Transforms

In a Dataflow pipeline, a transform represents a step, or a processing operation that transforms data. A transform can perform nearly any kind of processing operation, including performing mathematical computations on data, converting data from one format to another, grouping data together, reading and writing data, filtering data to output only the elements you want, or combining data elements into single values.

Transforms in the Dataflow model can be nested—that is, transforms can contain and invoke other transforms, thus forming composite transforms.

How Transforms Work

Transforms represent your pipeline's processing logic. Each transform accepts one (or multiple) PCollections as input, performs an operation on the elements in the input PCollection(s), and produces one (or multiple) new PCollections as output.

Java

To use a transform, you apply the transform to the input PCollection that you want to process by calling the apply method on the input PCollection. When you call PCollection.apply, you pass the transform you want to use as an argument. The output PCollection is the return value from PCollection.apply.

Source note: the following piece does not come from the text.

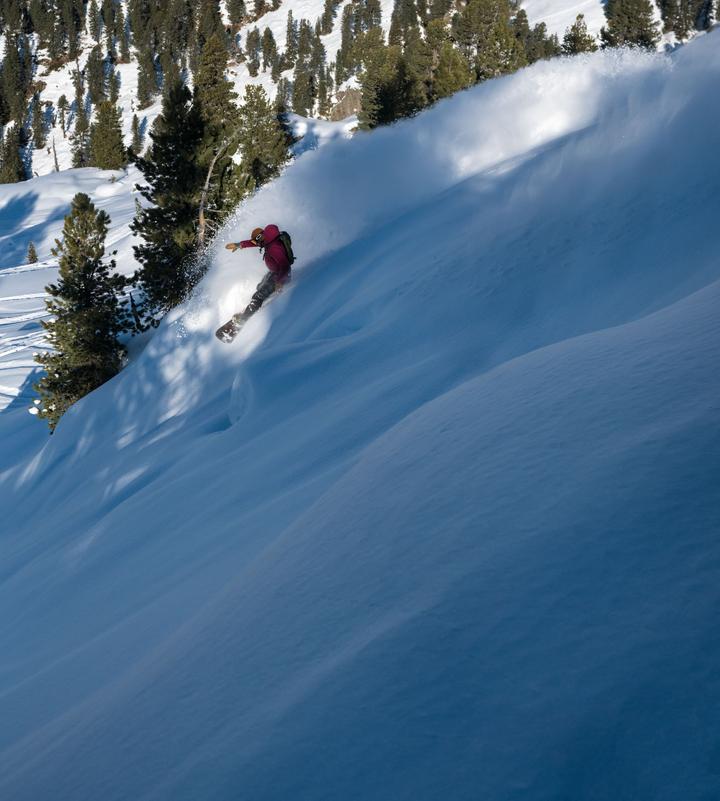 Arbor Sequoia Snowboard Bindings 2022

For example, the following code sample shows how to apply a user-defined transform called ComputeWordLengths to a PCollection<String>. ComputeWordLengths returns a new PCollection<Integer> containing the length of each String in the input collection:

  // The input PCollection of word strings.
  PCollection<String> words = ...;

  // The ComputeWordLengths transform, which takes a PCollection of Strings as input and
  // returns a PCollection of Integers as output.
  static class ComputeWordLengths
      extends PTransform<PCollection<String>, PCollection<Integer>> { ... }

  // Apply ComputeWordLengths, capturing the results as the PCollection wordLengths.
  PCollection<Integer> wordLengths = words.apply(new ComputeWordLengths());

When you build a pipeline with a Dataflow program, the transforms you include might not be executed precisely in the order you specify them. The Cloud Dataflow managed service, for example, performs optimized execution. In optimized execution, the Dataflow service orders transforms in dependency order, inferring the exact sequence from the inputs and outputs defined in your pipeline. Certain transforms may be merged or executed in a different order to provide the most efficient execution.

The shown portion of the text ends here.